Circulaire bouw staat in de kinderschoenen

Journalist: Tseard Zoethout

Tot eind 18de eeuw was een circulaire economie vanzelfsprekend. Gebouwen gingen eeuwenlang mee, stenen en stuttingen werden vervangen. Nu moeten we circulair bouwen opnieuw uitvinden. 

“Veel woningen uit het Interbellum waren degelijk en van heel hoge kwaliteit, zowel architectonisch als qua woonomgeving”, steekt Piet Adema, voorzitter van NVB Bouw, van wal. “Na bijna honderd jaar scoren ze nog steeds goed qua duurzaamheid.”


Vlak na de eeuwwisseling wees William McDonough er in ‘cradle to cradle’ echter al op dat circulaire bouw een loffelijk streven is, maar dat de westerse samenleving, vooral na de wederopbouw, steeds meer ‘hybride monsters’ heeft geschapen. Daarmee bedoelde hij samengestelde producten die nauwelijks of niet tot hun afzonderlijke componenten zijn te herleiden. 


De bouwsector torst dus de last met zich mee van bijna een volle eeuw lineair gebruik van grondstoffen. Circulariteit staat volgens Adema dan ook in de kinderschoenen. “Hergebruik gebeurt slechts mondjesmaat”, zegt hij. “‘Met kunststof kozijnen zijn echter goede stappen gezet. Die worden eerst tot granulaat vermalen om later nieuwe kozijnen op te leveren. Generieke maatregelen, voorgesteld door gemeenten en provincies, zijn niet de oplossing. Samen met fabrikanten zullen we naar specifieke oplossingen moeten zoeken, van standaardmaten en registratie van materialen tot demontabele producten. Met dergelijke maatregelen krijgen we ook meer zicht op afvalstromen in de bouw.”


Dat circulaire bouw in de kinderschoenen staat, betekent volgens prof ir. Elphi Nelissen niet dat er geen stappen zijn gezet. Nelissen is hoogleraar duurzaam bouwen aan de TU Eindhoven en voorzitter van het transitieteam circulaire bouweconomie. Nelissen: “Afspraak is dat alle bouwopdrachten vanaf 2030 voor gemeenten, provincies en rijksoverheid circulair worden aanbesteed.” 
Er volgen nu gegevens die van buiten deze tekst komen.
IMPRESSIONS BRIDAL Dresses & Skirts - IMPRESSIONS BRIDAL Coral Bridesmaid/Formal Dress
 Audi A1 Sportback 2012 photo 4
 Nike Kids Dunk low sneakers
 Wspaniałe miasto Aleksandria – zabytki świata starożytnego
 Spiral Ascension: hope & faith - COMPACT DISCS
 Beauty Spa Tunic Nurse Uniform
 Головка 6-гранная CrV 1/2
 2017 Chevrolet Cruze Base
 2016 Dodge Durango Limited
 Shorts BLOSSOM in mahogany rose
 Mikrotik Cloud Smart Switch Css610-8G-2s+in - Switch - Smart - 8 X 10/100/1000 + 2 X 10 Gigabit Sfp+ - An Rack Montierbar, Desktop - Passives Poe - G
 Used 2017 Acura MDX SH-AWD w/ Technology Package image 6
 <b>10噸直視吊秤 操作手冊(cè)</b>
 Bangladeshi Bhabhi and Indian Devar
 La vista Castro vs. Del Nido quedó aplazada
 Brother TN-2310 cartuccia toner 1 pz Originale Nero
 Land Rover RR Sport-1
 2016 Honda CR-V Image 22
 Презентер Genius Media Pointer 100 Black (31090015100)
“Veras, branchevereniging van sloopaannemers, is goed bezig met een digitale materialenbank”, zegt Nelissen. “Een partij kan daarin, bijvoorbeeld, zoeken naar een stalen balk met bepaalde draagkracht voor hergebruik. We weten nog weinig over vrijkomende materialen in de bouw. Gegevens zoals kwaliteit, herkomst, levensduur, sterkte en fysische aspecten zijn nog niet beschikbaar. Door tegelijk met de bouwaanvraag een materialenpaspoort te verplichten, komen die gegevens op termijn wel beschikbaar.”


In de tussentijd moet de sector het goede voorbeeld geven. “Denk aan het circulair gerenoveerde hoofdkantoor van Liander of aan het stadskantoor van Venlo. Ook kan je BIM aan het materialenpaspoort koppelen. Een ding weet ik zeker: circulair bouwen zet producten en processen op de kop’”, besluit Nelissen.